=== Given data ===
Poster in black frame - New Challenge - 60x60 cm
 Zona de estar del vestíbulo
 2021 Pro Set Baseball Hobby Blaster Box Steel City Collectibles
===
Each line of the listing is to be repeated exactly.

:: Exercise output ::
Poster in black frame - New Challenge - 60x60 cm
 Zona de estar del vestíbulo
 2021 Pro Set Baseball Hobby Blaster Box Steel City Collectibles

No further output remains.